Upon consideration of appellant’s amended motion for rehearing, we grant the motion, withdraw the opinion filed on May 23, 2012, and substitute the following opinion in its place.

Thomas Daugherty appeals his convictions for second-degree murder and two counts of attempted second-degree murder. The charges arose from a violent crime spree in which appellant and some friends randomly selected and severely beat three homeless men, one of whom died from the attack. Appellant raises five issues, arguing that (1) the trial court committed fundamental error in instructing the jury on the lesser included offenses of manslaughter and attempted voluntary manslaughter; (2) the trial court abused its discretion in denying appellant’s motion to sever the murder counts from the attempted murder counts; (3) the trial court fundamentally erred in using the phrase “and/or” between the defendants’ names in the jury instructions; (4) the trial court erred in denying appellant’s motion to change venue due to pre-trial publicity, and (5) appellant’s sentence to life without the possibility of parole as a juvenile violates the Eighth Amendment of the United States Constitution and Article I, Section 17, of the Florida Constitution. We affirm appellant’s conviction for second-degree murder but remand for a new sentencing hearing in light of Miller v. Alabama, — U.S.-, 132 S.Ct. 2455, 183 L.Ed.2d 407 (2012).

*1078Appellant and co-defendant Brian Hooks were tried together. In the appeal of Hooks' convictions for the same underlying crimes, we held that the trial court did not err in denying Hooks’ motion for change of venue due to pre-trial publicity. See Hooks v. State, 82 So.3d 905 (Fla. 4th DCA 2011), rev. denied, 83 So.3d 707 (Fla.2012). Because appellant and the co-defendant were tried together, the Hooks decision compels an affirmance on the denial of appellant’s motion to change venue.

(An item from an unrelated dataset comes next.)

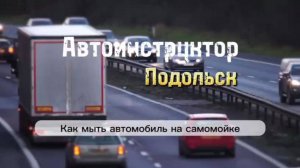 Как пользоваться самомойкой и недорого помыть машину? 
Ответ смотрите в видео.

As to appellant’s contention that the trial judge committed fundamental error in instructing the jury on manslaughter and attempted voluntary manslaughter, we affirm.

We conclude that the trial court did not commit fundamental error in instructing the jury on manslaughter as a lesser included offense of Count I. In Singh v. State, 36 So.3d 848 (Fla. 4th DCA 2010), we held that the standard jury instruction on the lesser included offense of manslaughter was not fundamentally erroneous where the trial court gave an instruction on manslaughter by culpable negligence.

The parties in this case disagree over whether the evidence supported a manslaughter by culpable negligence instruction. Appellant argues that the evidence did not, while the State argues that it did. However, we need not reach that issue. Our analysis is not dependent upon the fact that the culpable negligence instruction was given.1 Even without considering that the jury received the manslaughter by culpable negligence instruction, we find that there is an independent reason why giving the manslaughter instruction, as a lesser included offense of the murder charge, was not fundamental error in this case. As our supreme court has explained, “When the trial court fails to properly instruct on a crime two or more degrees removed from the crime for which the defendant is convicted, the error is not per se reversible, but instead is subject to a harmless error analysis.” Pena v. State, 901 So.2d 781, 787 (Fla.2005). Here, because the jury was also instructed on the lesser included offense of third-degree felony murder, manslaughter was actually two steps removed from second-degree murder under the facts of this case. See Echols v. State, 484 So.2d 568, 574 (Fla.1985) (holding that manslaughter was a lesser included offense that was three steps removed from first degree murder where the jury, if inclined to exercise its “pardon” power, could have returned verdicts of second-degree or third-degree murder). If the jury had been inclined to exercise its pardon power, it could have returned a verdict of third-degree felony murder, which was the next lower crime on the verdict form; the evidence in this case would have supported a conviction for third-degree felony murder. We conclude that the error in the manslaughter by act instruction was harmless and did not constitute fundamental error.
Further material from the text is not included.